One of Google’s new services is the AI that converts any text that we propose, however crazy it may be, into an image. We tell you how it works in this note!
In recent months it has become quite an interesting trend Artificial Intelligences that can generate an image based on a text, and Google did not want to be left behind. This is why she premiered her own AI. Initially, one of the pages that became best known was Wombo.arpage that allows us to write any phrase or word and converts it into a drawing made in the art style of our preference.
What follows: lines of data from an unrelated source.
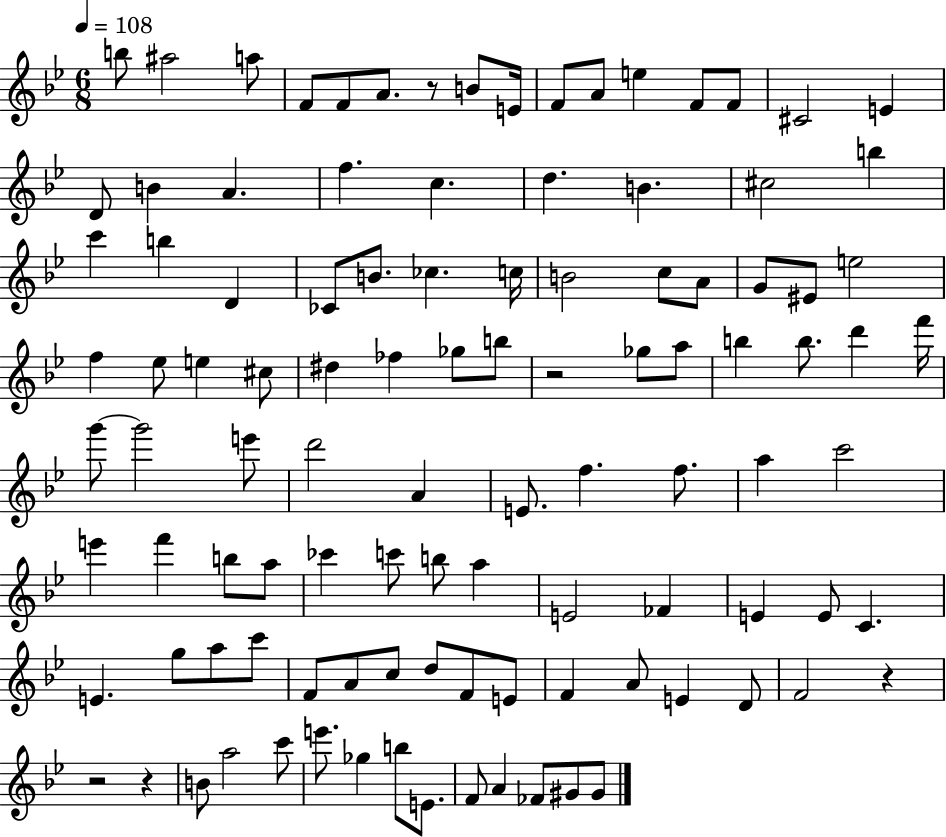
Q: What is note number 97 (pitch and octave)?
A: F4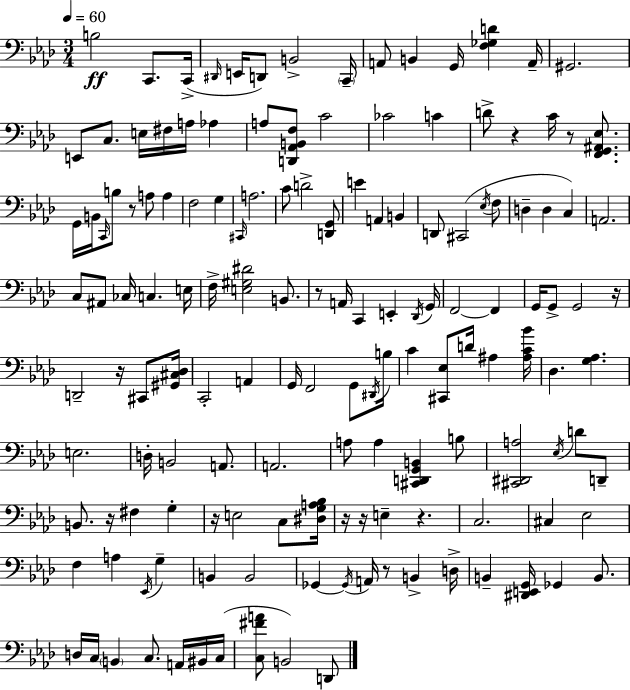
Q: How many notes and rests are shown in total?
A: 147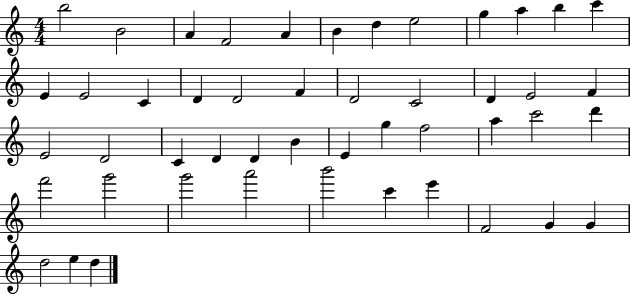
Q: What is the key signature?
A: C major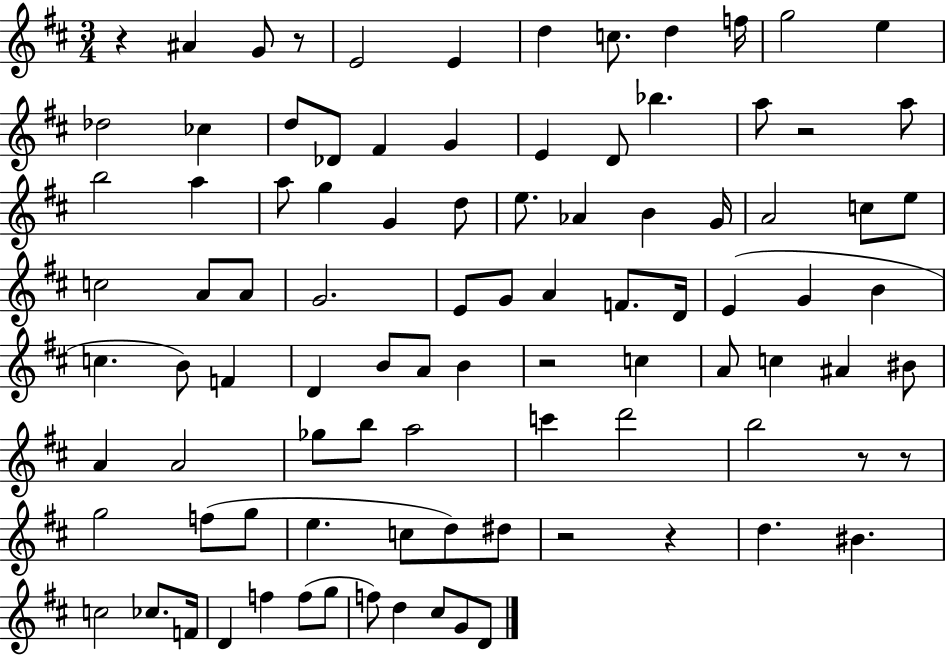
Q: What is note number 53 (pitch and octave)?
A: B4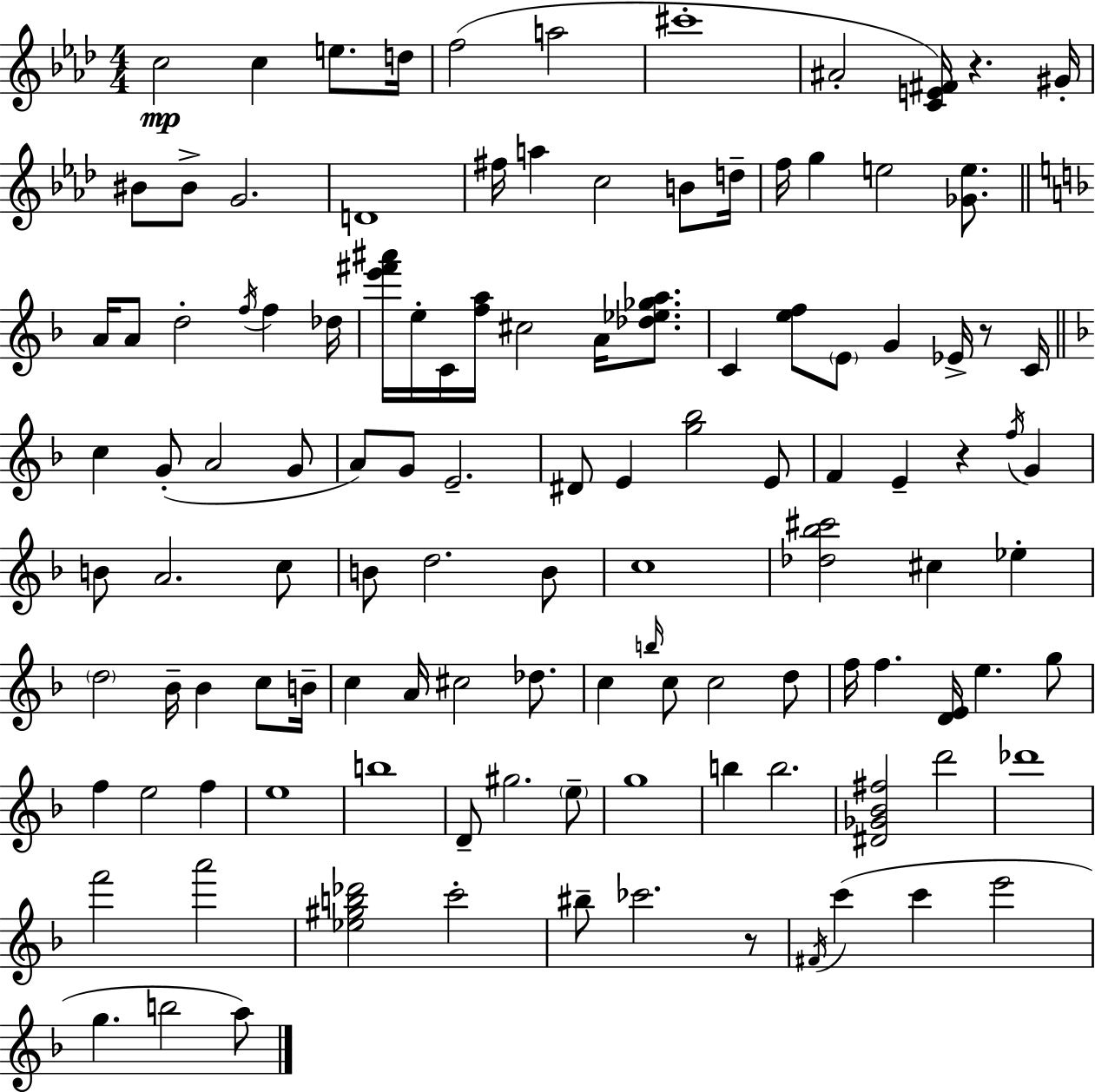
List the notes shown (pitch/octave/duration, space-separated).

C5/h C5/q E5/e. D5/s F5/h A5/h C#6/w A#4/h [C4,E4,F#4]/s R/q. G#4/s BIS4/e BIS4/e G4/h. D4/w F#5/s A5/q C5/h B4/e D5/s F5/s G5/q E5/h [Gb4,E5]/e. A4/s A4/e D5/h F5/s F5/q Db5/s [E6,F#6,A#6]/s E5/s C4/s [F5,A5]/s C#5/h A4/s [Db5,Eb5,Gb5,A5]/e. C4/q [E5,F5]/e E4/e G4/q Eb4/s R/e C4/s C5/q G4/e A4/h G4/e A4/e G4/e E4/h. D#4/e E4/q [G5,Bb5]/h E4/e F4/q E4/q R/q F5/s G4/q B4/e A4/h. C5/e B4/e D5/h. B4/e C5/w [Db5,Bb5,C#6]/h C#5/q Eb5/q D5/h Bb4/s Bb4/q C5/e B4/s C5/q A4/s C#5/h Db5/e. C5/q B5/s C5/e C5/h D5/e F5/s F5/q. [D4,E4]/s E5/q. G5/e F5/q E5/h F5/q E5/w B5/w D4/e G#5/h. E5/e G5/w B5/q B5/h. [D#4,Gb4,Bb4,F#5]/h D6/h Db6/w F6/h A6/h [Eb5,G#5,B5,Db6]/h C6/h BIS5/e CES6/h. R/e F#4/s C6/q C6/q E6/h G5/q. B5/h A5/e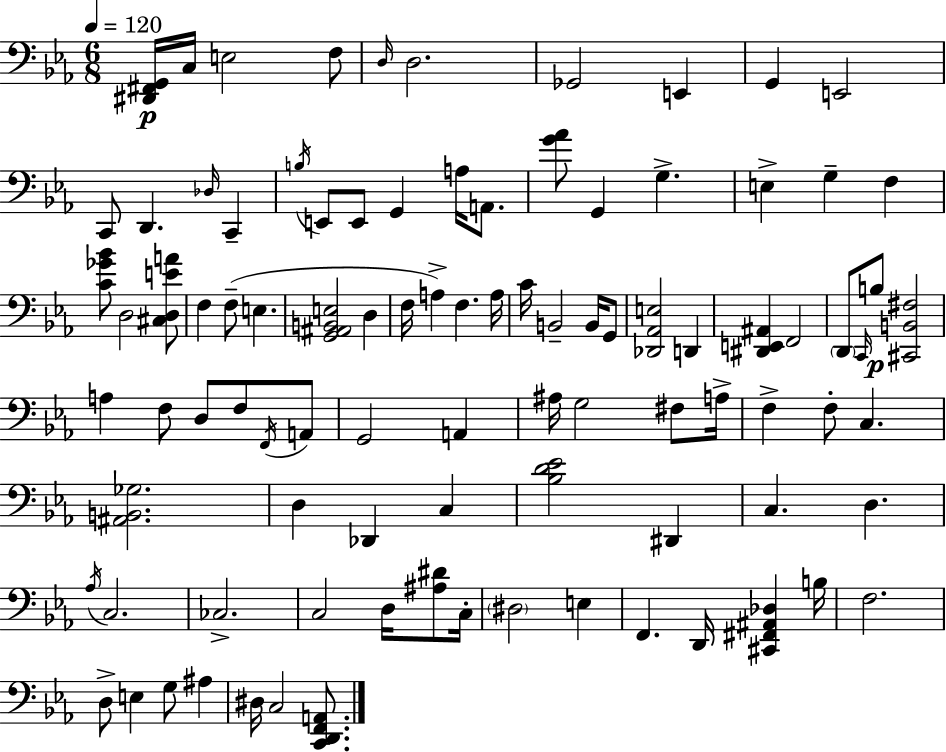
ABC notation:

X:1
T:Untitled
M:6/8
L:1/4
K:Eb
[^D,,^F,,G,,]/4 C,/4 E,2 F,/2 D,/4 D,2 _G,,2 E,, G,, E,,2 C,,/2 D,, _D,/4 C,, B,/4 E,,/2 E,,/2 G,, A,/4 A,,/2 [G_A]/2 G,, G, E, G, F, [C_G_B]/2 D,2 [^C,D,EA]/2 F, F,/2 E, [G,,^A,,B,,E,]2 D, F,/4 A, F, A,/4 C/4 B,,2 B,,/4 G,,/2 [_D,,_A,,E,]2 D,, [^D,,E,,^A,,] F,,2 D,,/2 C,,/4 B,/2 [^C,,B,,^F,]2 A, F,/2 D,/2 F,/2 F,,/4 A,,/2 G,,2 A,, ^A,/4 G,2 ^F,/2 A,/4 F, F,/2 C, [^A,,B,,_G,]2 D, _D,, C, [_B,D_E]2 ^D,, C, D, _A,/4 C,2 _C,2 C,2 D,/4 [^A,^D]/2 C,/4 ^D,2 E, F,, D,,/4 [^C,,^F,,^A,,_D,] B,/4 F,2 D,/2 E, G,/2 ^A, ^D,/4 C,2 [C,,D,,F,,A,,]/2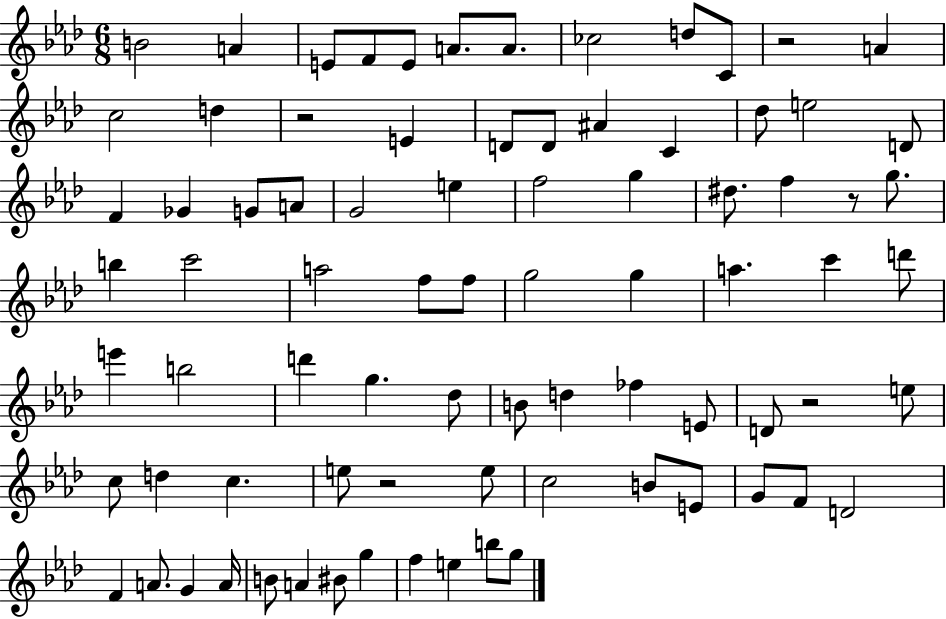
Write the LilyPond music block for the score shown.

{
  \clef treble
  \numericTimeSignature
  \time 6/8
  \key aes \major
  b'2 a'4 | e'8 f'8 e'8 a'8. a'8. | ces''2 d''8 c'8 | r2 a'4 | \break c''2 d''4 | r2 e'4 | d'8 d'8 ais'4 c'4 | des''8 e''2 d'8 | \break f'4 ges'4 g'8 a'8 | g'2 e''4 | f''2 g''4 | dis''8. f''4 r8 g''8. | \break b''4 c'''2 | a''2 f''8 f''8 | g''2 g''4 | a''4. c'''4 d'''8 | \break e'''4 b''2 | d'''4 g''4. des''8 | b'8 d''4 fes''4 e'8 | d'8 r2 e''8 | \break c''8 d''4 c''4. | e''8 r2 e''8 | c''2 b'8 e'8 | g'8 f'8 d'2 | \break f'4 a'8. g'4 a'16 | b'8 a'4 bis'8 g''4 | f''4 e''4 b''8 g''8 | \bar "|."
}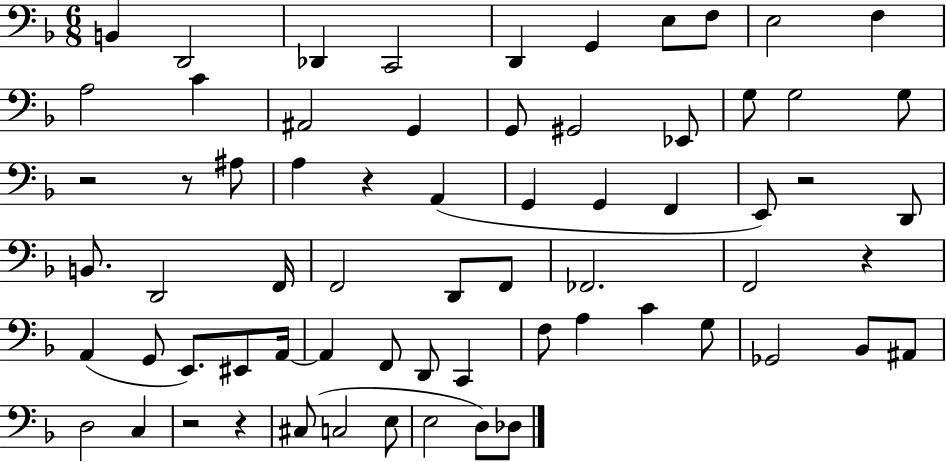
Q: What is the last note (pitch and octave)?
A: Db3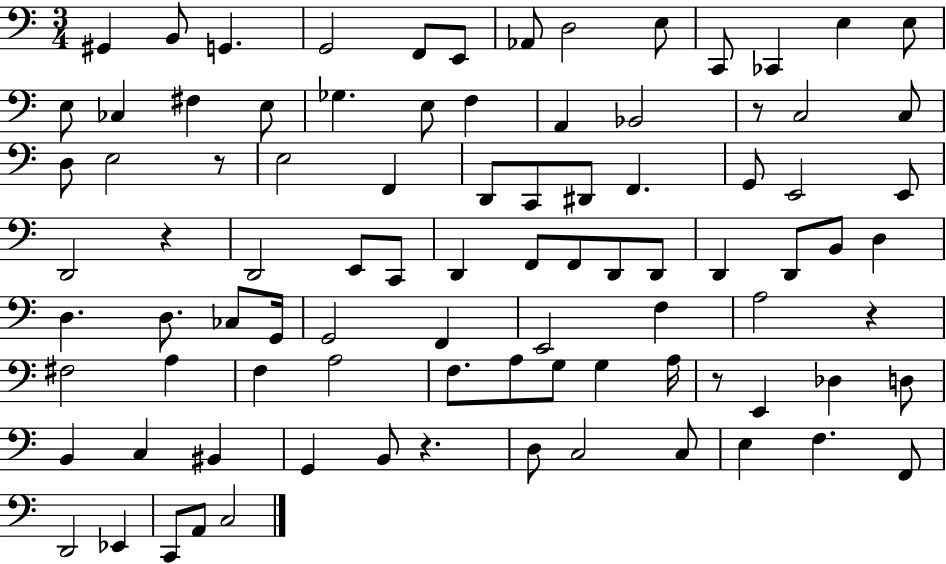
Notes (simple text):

G#2/q B2/e G2/q. G2/h F2/e E2/e Ab2/e D3/h E3/e C2/e CES2/q E3/q E3/e E3/e CES3/q F#3/q E3/e Gb3/q. E3/e F3/q A2/q Bb2/h R/e C3/h C3/e D3/e E3/h R/e E3/h F2/q D2/e C2/e D#2/e F2/q. G2/e E2/h E2/e D2/h R/q D2/h E2/e C2/e D2/q F2/e F2/e D2/e D2/e D2/q D2/e B2/e D3/q D3/q. D3/e. CES3/e G2/s G2/h F2/q E2/h F3/q A3/h R/q F#3/h A3/q F3/q A3/h F3/e. A3/e G3/e G3/q A3/s R/e E2/q Db3/q D3/e B2/q C3/q BIS2/q G2/q B2/e R/q. D3/e C3/h C3/e E3/q F3/q. F2/e D2/h Eb2/q C2/e A2/e C3/h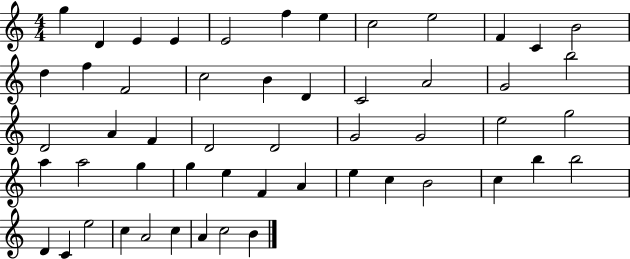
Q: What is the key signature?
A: C major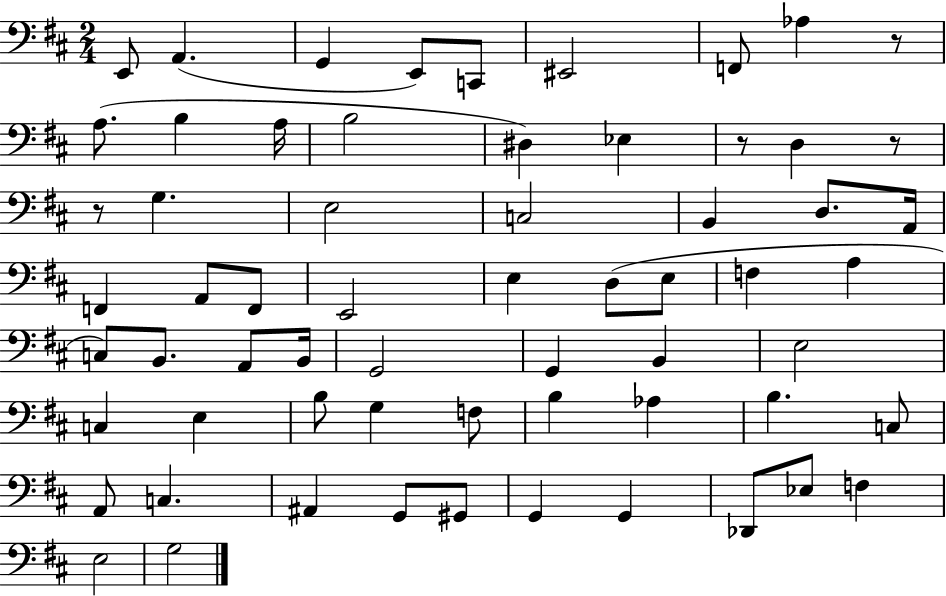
E2/e A2/q. G2/q E2/e C2/e EIS2/h F2/e Ab3/q R/e A3/e. B3/q A3/s B3/h D#3/q Eb3/q R/e D3/q R/e R/e G3/q. E3/h C3/h B2/q D3/e. A2/s F2/q A2/e F2/e E2/h E3/q D3/e E3/e F3/q A3/q C3/e B2/e. A2/e B2/s G2/h G2/q B2/q E3/h C3/q E3/q B3/e G3/q F3/e B3/q Ab3/q B3/q. C3/e A2/e C3/q. A#2/q G2/e G#2/e G2/q G2/q Db2/e Eb3/e F3/q E3/h G3/h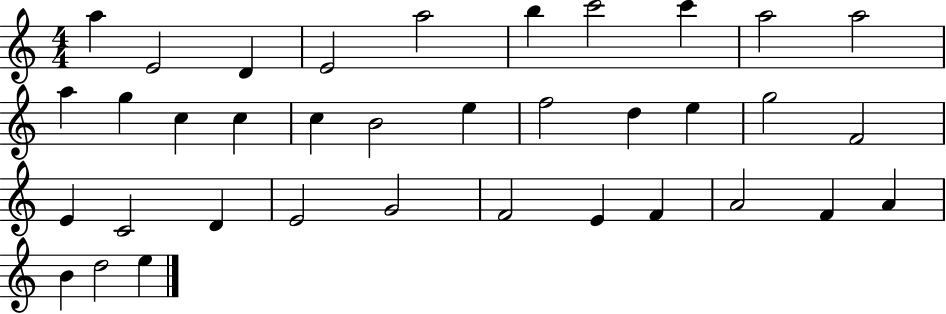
X:1
T:Untitled
M:4/4
L:1/4
K:C
a E2 D E2 a2 b c'2 c' a2 a2 a g c c c B2 e f2 d e g2 F2 E C2 D E2 G2 F2 E F A2 F A B d2 e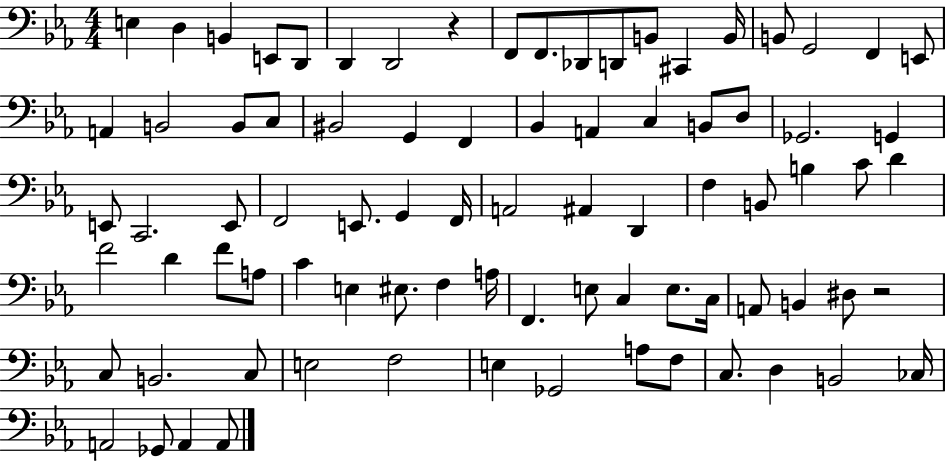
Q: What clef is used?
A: bass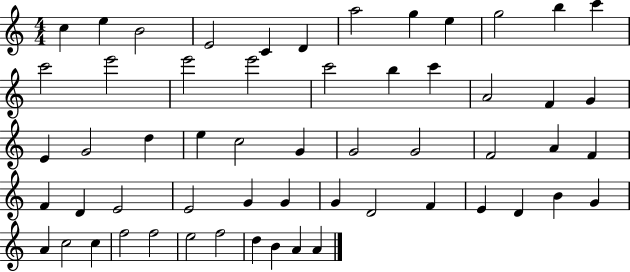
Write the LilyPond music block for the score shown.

{
  \clef treble
  \numericTimeSignature
  \time 4/4
  \key c \major
  c''4 e''4 b'2 | e'2 c'4 d'4 | a''2 g''4 e''4 | g''2 b''4 c'''4 | \break c'''2 e'''2 | e'''2 e'''2 | c'''2 b''4 c'''4 | a'2 f'4 g'4 | \break e'4 g'2 d''4 | e''4 c''2 g'4 | g'2 g'2 | f'2 a'4 f'4 | \break f'4 d'4 e'2 | e'2 g'4 g'4 | g'4 d'2 f'4 | e'4 d'4 b'4 g'4 | \break a'4 c''2 c''4 | f''2 f''2 | e''2 f''2 | d''4 b'4 a'4 a'4 | \break \bar "|."
}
However, there are other types of AI that generate images based on what we write. These are the ones that create the image of what we want. For example, if we want a picture of a dog wearing an astronaut helmet, we write it on the platform of each AI and it will give us the image in a matter of seconds. One of the most recognized is DALL-Ecreated by the laboratory OpenAI and that it received an update in April of this year.
Now Google wants to join this fashion and presented its own Artificial Intelligence called Image, which seems to be a little superior to DALL-E. Image uses the text we want to transform and literally gives us what we ask for in the form of a photo. For example, in the photo above the phrase was “an alien octopus floating through a portal while reading a newspaper”. And the AI from Google He literally gave us that.
These images may be impressive and quite accurate, you have to consider that the images that were presented are only the ones that turned out best and were created under the watchful eye (and perhaps manipulation) of their creators. When a new model is released AIThe team of Google Brain tends to pick the best results to leave people wanting more. While all of these photos are of high quality, not all of the photos created may come out at this resolution.
What often happens with images created by text-to-image models often look unfinished, blurry, or smudged. This happened with some of the images generated by DALL-E from OpenAI you can have tendency not to fully understand the sentence offered.
According to Googlehis AI is capable of producing much more consistent images than the DALLE-2. This is according to the new benchmark that Google I create for this project, called drawbench. The good thing is that it is not a particularly complex metric: it has a list of 200 indications of text that the team Google introduced in Image and other text-to-image generators. Then, each result that each AI he was judged by some human evaluator.
Despite this, we cannot experiment with Image since Google did not throw the AI for the public. The main reason the company decided to do is quite interesting. If we all have access to a technology that allows us to create images with a simple phrase, and more if we can put anything, Image can be used to create, for example, fake news.
As for how this was trained AI, Google He explained that a lot of information was incorporated into it. Mainly, images of Internet have a description. However, those in charge behind Image also commented that they had to put a filter since as the AI It feeds on all the images it raises from Internet that have a description, images could be found that fostered stereotypes or discrimination.
Although in the report Google does not explain problems well Imogeneif you indicate that the model “encodes various social biases and stereotypes, including a general bias towards generating images of people with lighter skin tones and a tendency for images portraying different professionals to align with Western gender stereotypes.”
But this is not only a problem of the Google AI, as DALLA-E also have this problem. If you are asked to DALLA-E that generates images of a flight attendant, for example, most of the images that we will receive will be of a woman. If we put the word CEO we will receive, to no one’s surprise, many images of the typical white-skinned successful man.
These are the main reasons why these types of AI They are not available to the general public. DALLA-E neither does it offer its services to everyone, although it does offer them to some testers Beta. The betahowever, filters some texts that are written and will not generate images of racist, sexual or violent phrases.
Probably at some point we will be able to access this type of AI. Googlefor his part, confirmed that it is not in his plans that it be released for public access Image for now. The company also says it plans to develop a new way to compare “social and cultural bias in future work” and test future iterations. For the moment, we will have to settle for the images he took Google. Although we are not complaining since we have a cactus with a hat and glasses and a raccoon queen.